The Selection series is a 5-novel book about two girls named America & Eadlyn written by Kiera Cass.
I managed to read all five of the books in July and found them very easy to understand and to follow.
“The selection,” “The Elite” and “The one” were all written between 2012- 2014. Without giving too much away for people that have not yet read the book, I would like to give a small description of the whole thing before I comment on my feelings about it.
The tale starts in the future after the world war 4. America has been taken over by a country called Illea. The monarchy running the country pass their daughters to other nations, in the hope of strengthening their allies, and the prince has to choose one girl from a selection of girls picked after each sector of their lands.

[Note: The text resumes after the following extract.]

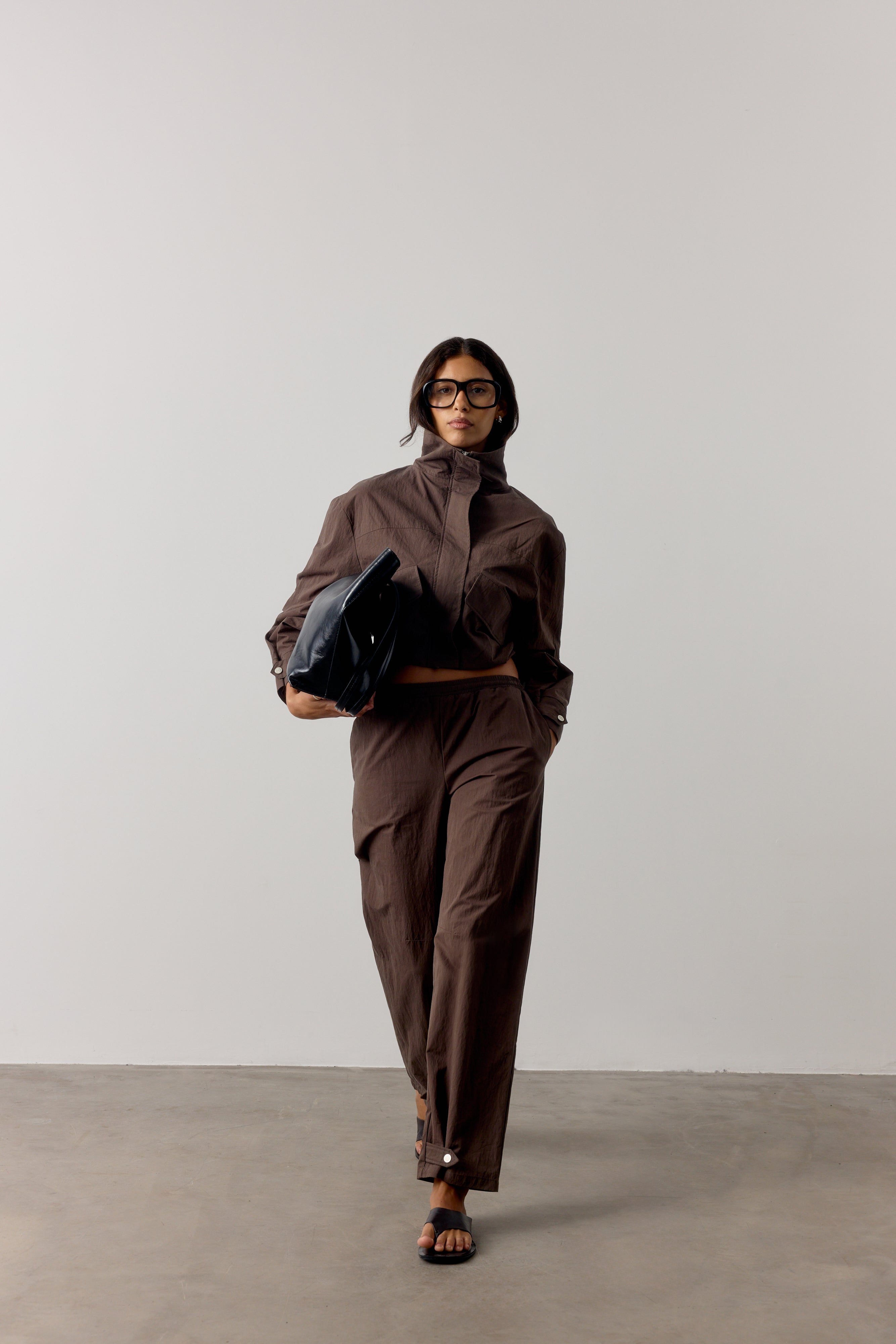 FUNNEL NECK SHELL JACKET - BROWN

People live in a caste system where if you are a “one” you are like royalty, a” two” you are a celebrity, and if you are an “eight,” then you are a nobody. Every caste number has a category of jobs they can only take as a profession. The girls are to be virgins before marrying, and any marriages between higher castes to lower ranks are not received very well.

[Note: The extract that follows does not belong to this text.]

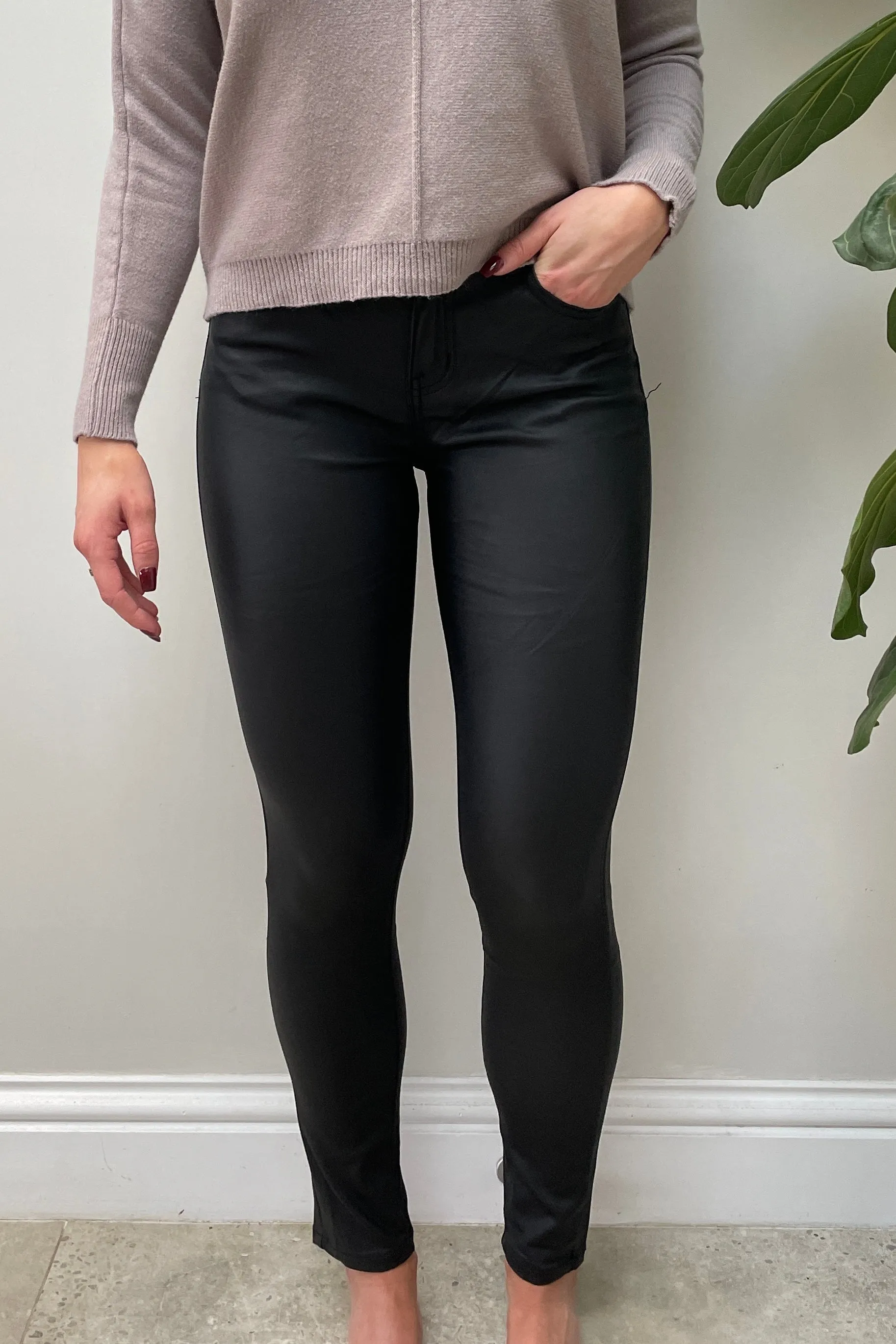 Cara Coated Jeans - Black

I have read many reviews and heard many comparisons to the Hunger Games & The Bachelor on this book. However, I was surprised to see that no one mentioned anything close to what I am about to say and review on.

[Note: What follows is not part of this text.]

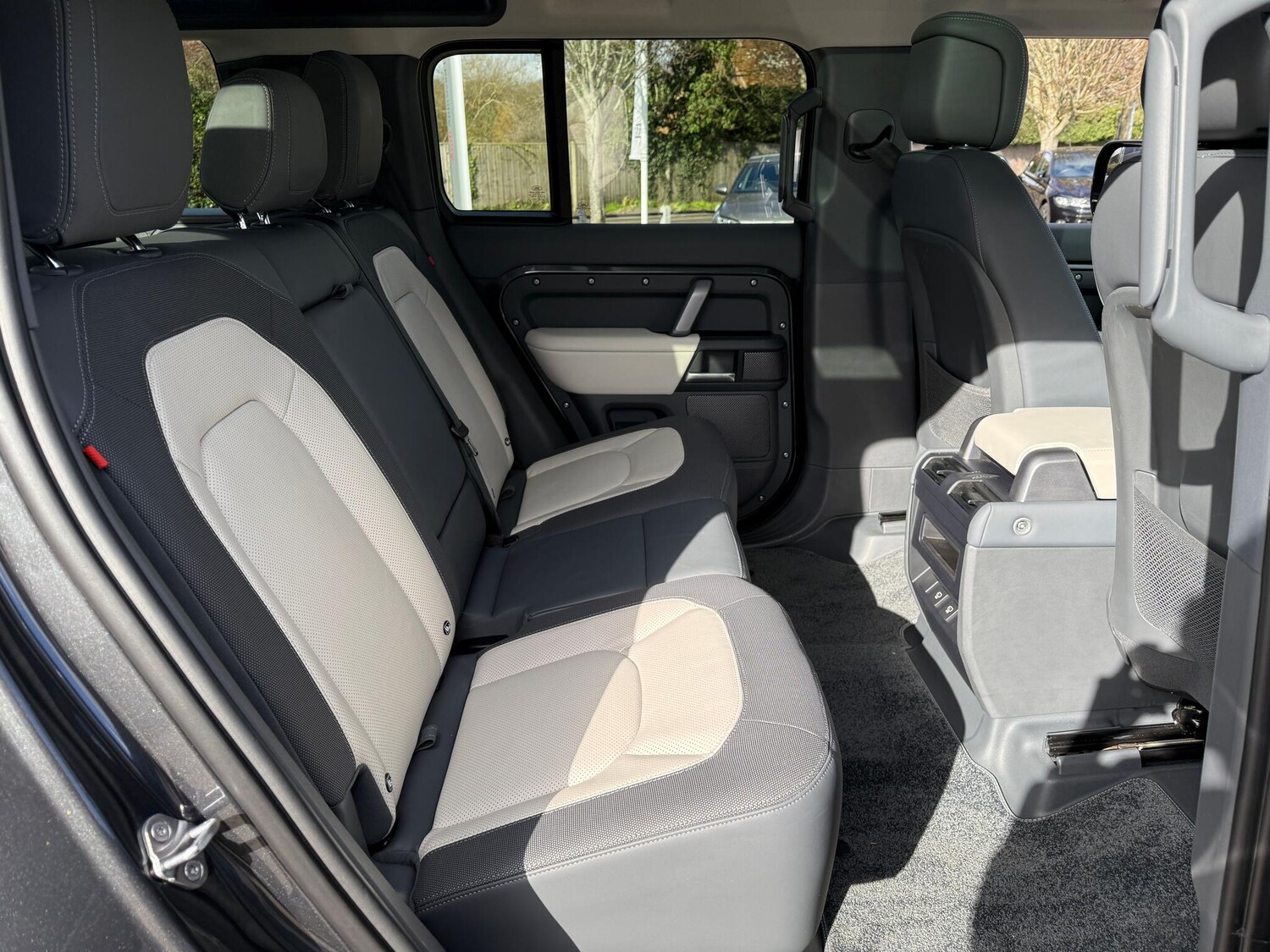 Used Land Rover Defender 2024 for sale - 77597669: Photo 49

The books almost reminded me of Jane Austen and her famous “Pride & Prejudice.” Jane Austen demonstrated people ranked by their status and their financial position. While in Pride & Prejudice, people were not legally bound by what jobs they had to take or be marked by the public with a number which represented their status; they still suffered between an invisible line of being degraded and treated with prejudice due to their status. They were not able to move any higher in status unless marriage, affiliated them.
While Elizabeth grabbed the attention of Darcy with her gracious behavior and performed with dignity and pride even though she was of a lower status, America’s personality and behavior from the selection was almost the opposite.
I found America to be obscene, almost always confused as to what she was doing. She behaved very immaturely towards many important decisions she had to make and yet Kiera managed to make them sound all appealing to the one Prince of Illea. There was no grace, extreme pride, constant snapping or yelling and almost always insulting the prince. Kiera was excellent in giving us a visual view of the beautiful gowns, scenes and her skill in writing made you almost cry or gasp at certain moments.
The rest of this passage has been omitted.